Stored data

-- Opening Marker --

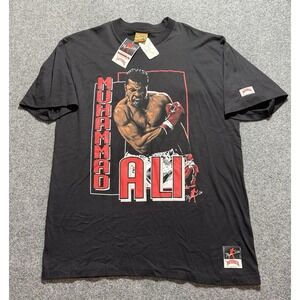 NWT Muhammad Ali Vintage Boxing t-shirt‎ Nutmeg 1990s Caricature Large NOS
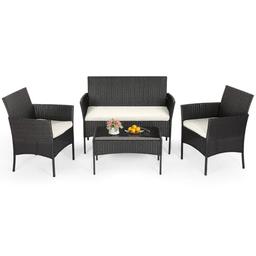 item search image for FDW | 4-Piece Patio Furniture Set | Black | Outdoor Wicker Furniture with Coffee Table | Modern Rattan Chairs Conversation Set | Outdoor Seating | Weather-Resistant | for Porch, Garden, Lawn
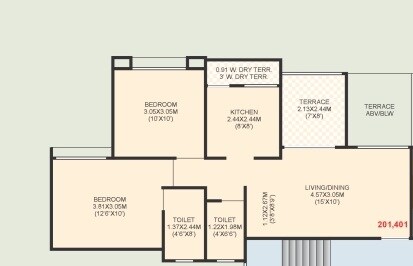 Floor plan of 2 BHK 533 Sq. Ft. Apartment in Krisala Adora, Pune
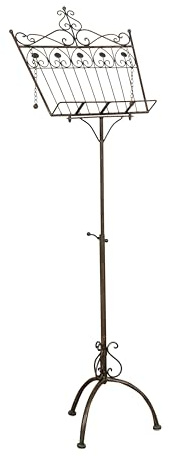 Biscottini Atril musical de hierro forjado de suelo, 46,5 x 33 x 139 cm (largo x ancho x alto) – Atril para menús – Caballete expositor publicitario plegable – Portamenu restaurante – Atril para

-- Closing Marker --

Full copy, no pictures: write out each line of the data exactly as it stands.

 NWT Muhammad Ali Vintage Boxing t-shirt‎ Nutmeg 1990s Caricature Large NOS
 item search image for FDW | 4-Piece Patio Furniture Set | Black | Outdoor Wicker Furniture with Coffee Table | Modern Rattan Chairs Conversation Set | Outdoor Seating | Weather-Resistant | for Porch, Garden, Lawn
 Floor plan of 2 BHK 533 Sq. Ft. Apartment in Krisala Adora, Pune
 Biscottini Atril musical de hierro forjado de suelo, 46,5 x 33 x 139 cm (largo x ancho x alto) – Atril para menús – Caballete expositor publicitario plegable – Portamenu restaurante – Atril para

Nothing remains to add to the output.